According to a family member, Fang Bin, a retailer turned citizen journalist who documented the early outbreak of Covid-19 in Wuhan, has been released after more than three years in detention in China.
Fang vanished after uploading recordings of the on-the-ground situation in Wuhan, the initial covid outbreak’s epicentre, as officials worked to suppress information about the true scope of the global calamity.
According to a family member who declined to be identified owing to fears about repercussions from the Chinese government, he was freed on Sunday, April 30 and was in Wuhan.
After three years in Chinese incarceration, a citizen journalist from Wuhan who chronicled the Covid outbreak was released.
A Fang’s health had deteriorated while in jail, with him having difficulty eating and sleeping and losing weight, according to a family.
His social media recordings, which were broadcast in early 2020, exposed the facts of the virus’s lethal spread, contradicting the official story offered by China’s strictly controlled state media.

Authorities sealed off the city of Wuhan on January 23, although there had been a three-week gap between when health officials announced a mysterious ailment and confirmed it was spreading among citizens.

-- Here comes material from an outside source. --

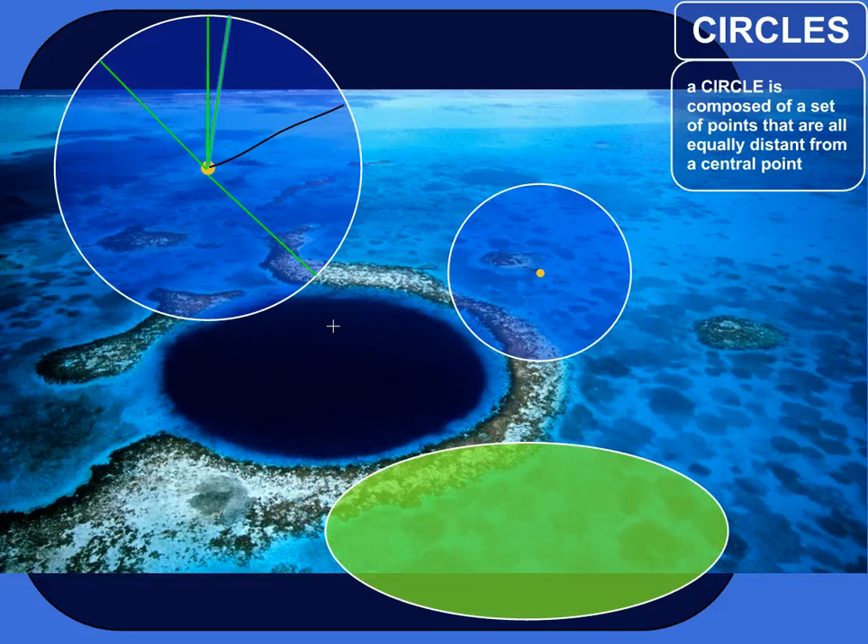There are some other examples of circles in nature. Impact craters tend to be circles. If you drop a pebble on the surface of a pond, the rings that form are pretty close to perfect circles. So a circle is a set of points that are all equally distant, or equidistant, from a central point.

Fang showed hospital corridors crammed with patients and their anxious family in one film. During one segment, Fang counts the body bags piled in a van, images that drew widespread attention in China, where the public was eager to learn what was going on in the epicentre city.

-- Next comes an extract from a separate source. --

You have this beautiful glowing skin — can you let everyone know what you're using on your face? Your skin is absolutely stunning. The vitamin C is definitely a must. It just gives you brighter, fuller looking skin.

Fang filmed people coming to his door to ask questions in his final films before being arrested, and he said his home was besieged by plainclothes policemen.
In one recording, he appeared emotional, referring to Covid whistleblower doctor Li Wenliang’s death from the virus – who was reprimanded by police for sharing information about early patients – and the silencing of fellow citizen journalist Chen Qiushi, saying the reason he had not been taken away was due to his viewers’ attention.